1778-05-10, de Voltaire [François Marie Arouet] à Jean Louis Wagnière.

Mon cher Wagnière, je vous ai déjà mandé combien je désirais vous voir, et combien je regrettais Ferney dans le brillant fracas de Paris.
Tout le monde oublie que j'ai quatrevingt quatre ans, et que je suis malade; on me tue, et vous êtes absent.

Je vous ai déjà prié de revenir dans le carosse de made Denis, et d'aporter avec vous mes papiers que vous trouverez dans les tiroirs du bureau de ma chambre à coucher.
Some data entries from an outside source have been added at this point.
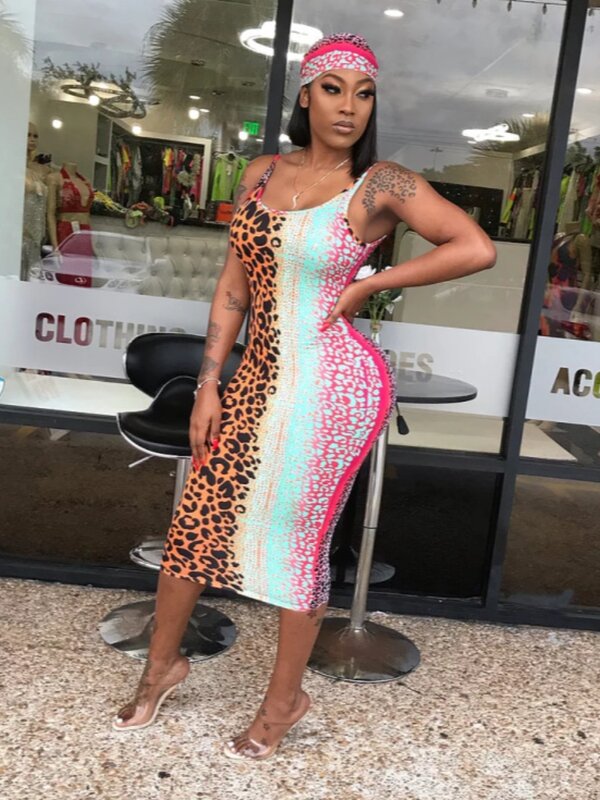 LW Gradient Leopard Print Bodycon Cami Dress Bandage Design Multicolor Summer Overalls Sleevess Sexy Stretchy U Neck Vestidos
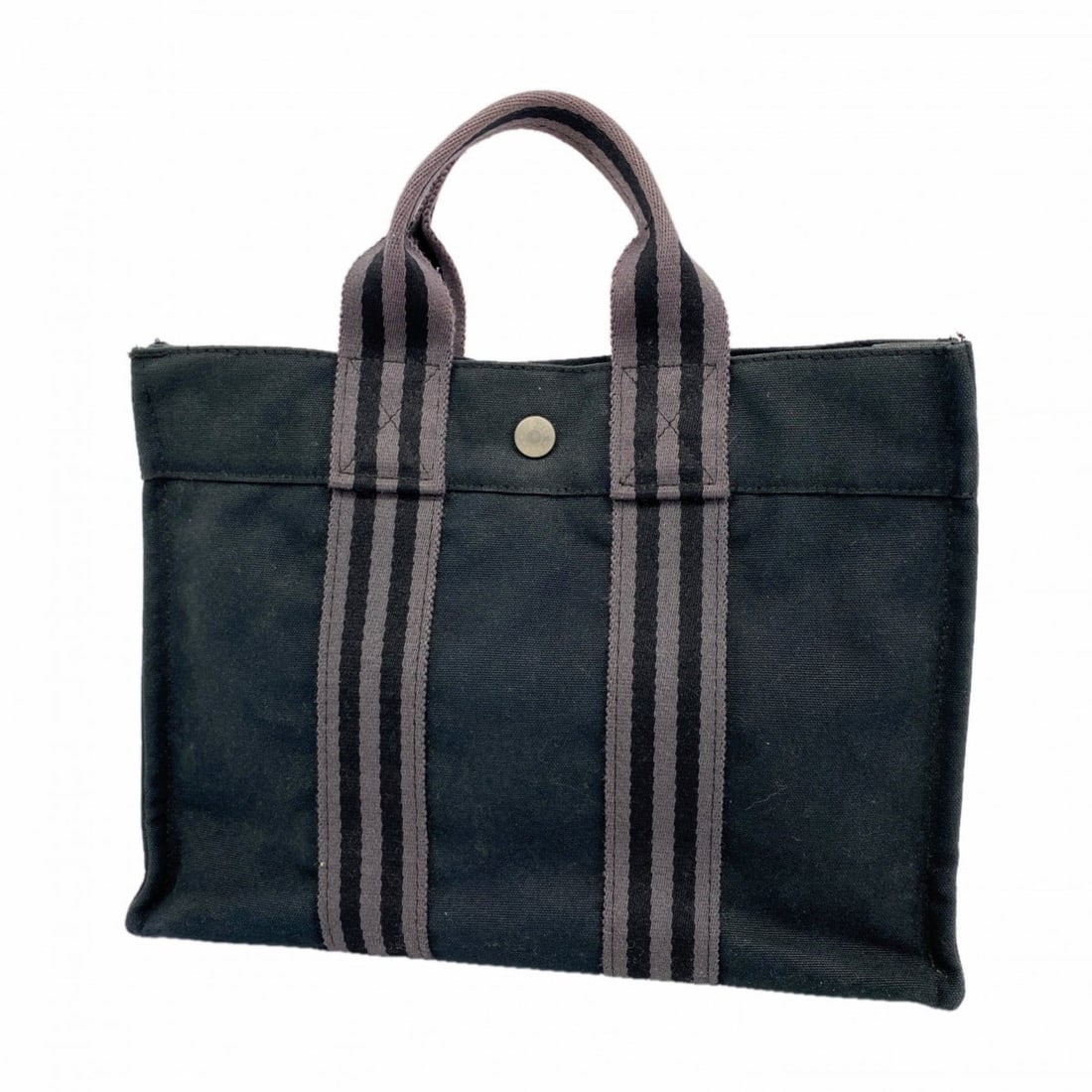 Hermes Hermès Fouleaux PM Tote Bag Canvas Black/Grey for Men and Women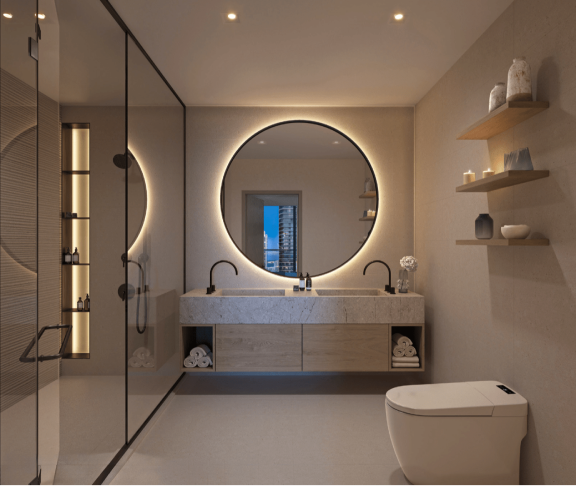 Bathroom at One Twenty Brickell Residences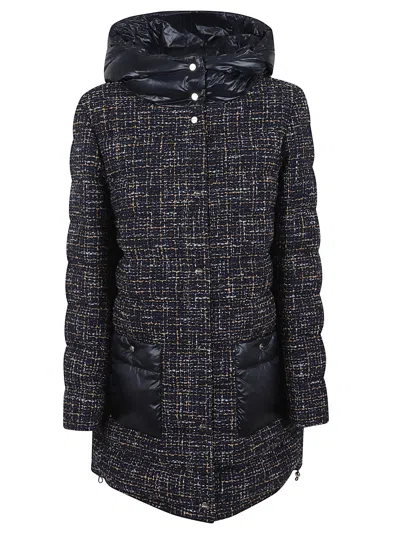 Herno Long Hooded Quilted Jacket Pockets In Black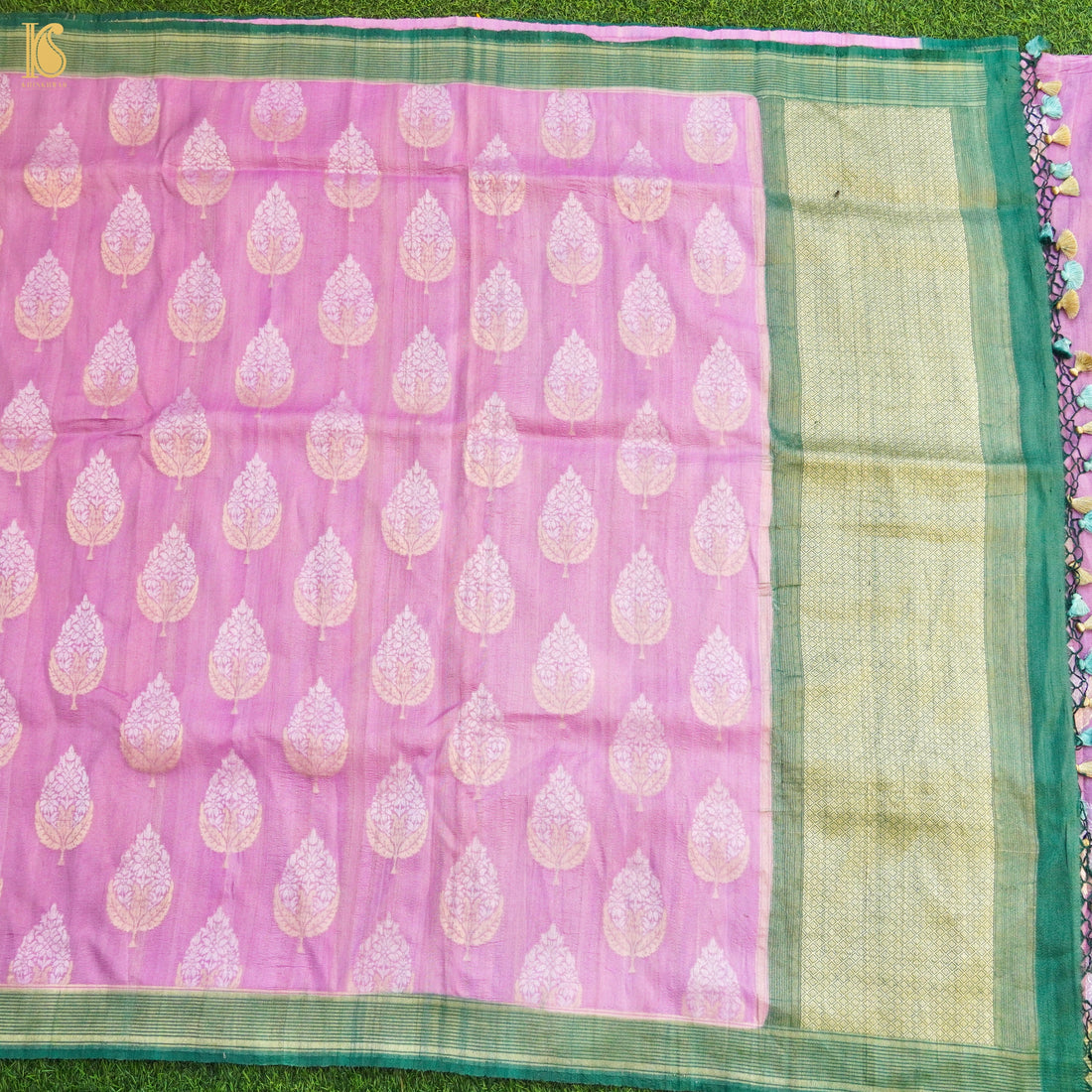 Pure Tussar Georgette Silk Handwoven Banarasi Saree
Ces papiers consistent dans les reconnaissances des billets et des Lettres de change qui sont dans les tiroirs du côté du lit, exceptez celles que vous jugerez à propos de laisser entre les mains de Mr Martin mon procureur. Il y a aussi quelques autres papiers dans le tiroir du milieu, comme les affaires concernant le Virtemberg et le palatinat, et quelques autres feuilles volantes. Il y a d'autres papiers de simple Littérature qui sont épars sur le même bureau; je vous prie d'emporter tout celà avec vous. Gardez les autres qui sont dans la bibliothèque. Il n'y a que la seule Lettre de Mr Pasquier que je serais bien aise de retrouver; mais ne vous donnez pas trop de peine pour la chercher, vôtre présence m'est beaucoup plus nécessaire que cette Lettre, c'est de vous principalement que j'ai besoin, mon cher ami, surtout dans l'état funeste où ma mauvaise santé m'a réduit.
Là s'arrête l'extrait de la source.